O progresso do Rio de Janeiro cruzou duas vezes com a história da fábrica de chocolates Bhering – e um terceiro encontro, decisivo, parece em pleno curso. Rui Barreto, atual proprietário, costuma dizer que a trajetória da empresa confunde-se com o desenvolvimento e com a ocupação da cidade.

Agora, no entanto, sob uma diferença relevante: depois de desalojada duas vezes, e sempre de forma arbitrária, pelo prefeito Pereira Passos – responsável pelas monumentais intervenções urbanas que modernizaram o traçado do Rio no início do século XX –, a sede carioca finalmente integra o processo de transformação.

Instalada, desde a década de 1880, na estreita rua Sete de Setembro, a Bhering seria desapropriada para dar espaço à nascente avenida Rio Branco. Transferida, então, para a 13 de Maio, em seguida teria de arrumar novo endereço, desta vez devido à construção do Theatro Municipal, de quem se tornara vizinha.

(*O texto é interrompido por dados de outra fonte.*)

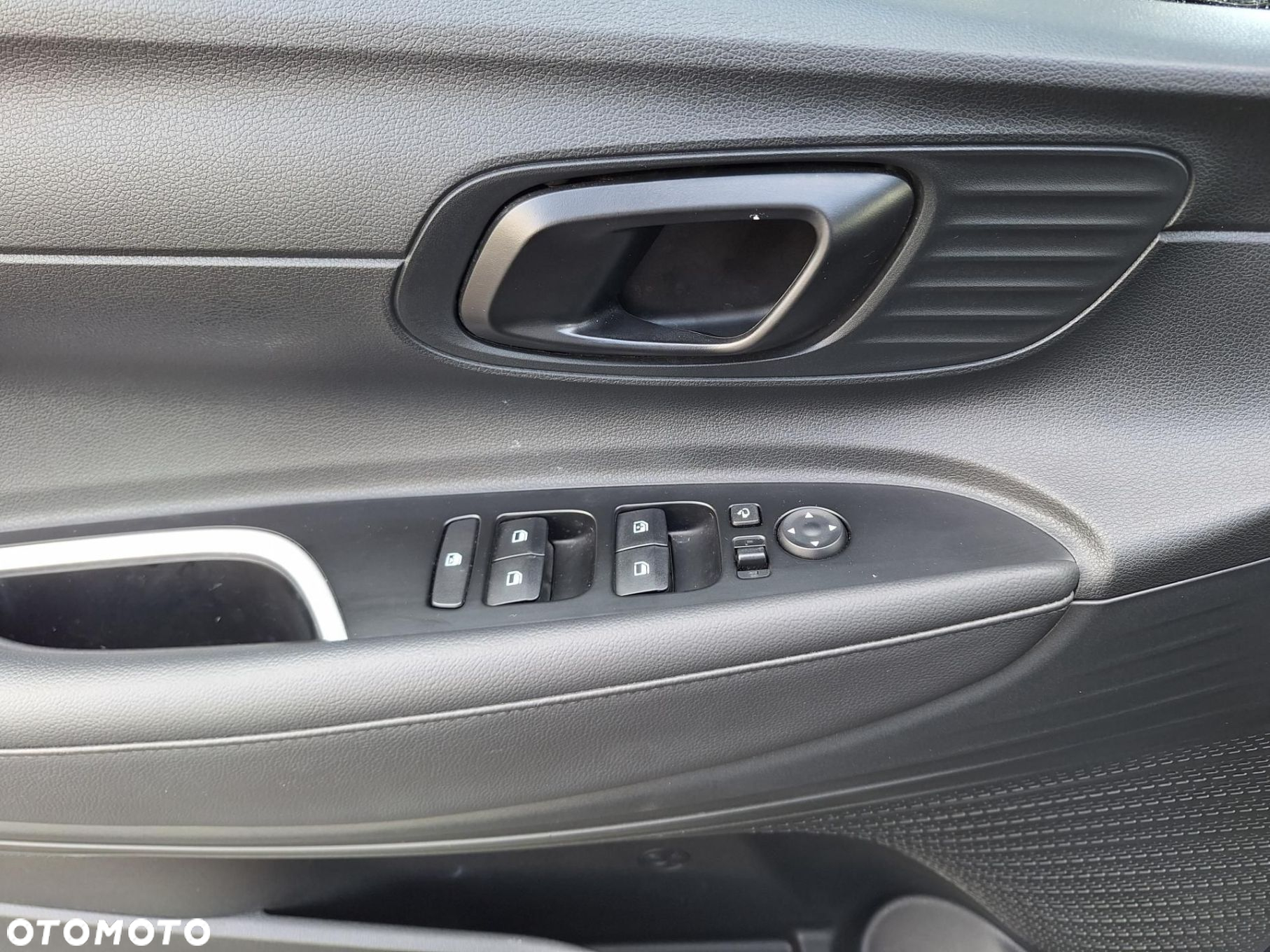 Hyundai Bayon 1.0 T-GDI Smart - 9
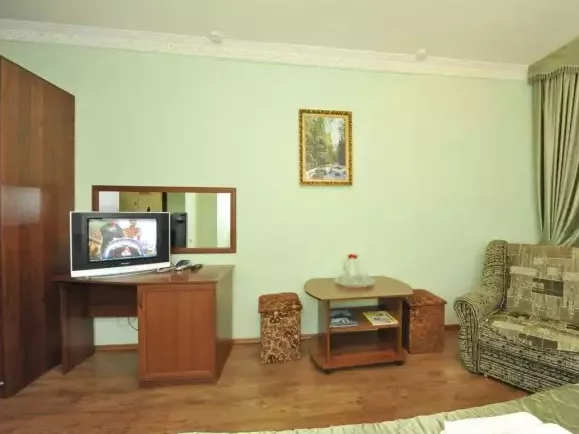 «Полулюкс» 2-х местный DBL (Главный корпус). Гостиница «Кристалл». Домбай-гостиницы «Полулюкс» 2-х местный DBL (Главный корпус). Гостиница «Кристалл». Домбай-гостиницы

“Nesse período – conta Rui – houve um litígio entre o Theatro e a Bhering. Todo o sistema de distribuição da fábrica era feito por carroças de dois burros. Eram quarenta carroças e, portanto, oitenta burros a defecar e urinar em frente ao Theatro, na hora da ópera. Dependendo do vento, era uma tragédia… Isso resultou numa campanha pública para tirar a Bhering dali”.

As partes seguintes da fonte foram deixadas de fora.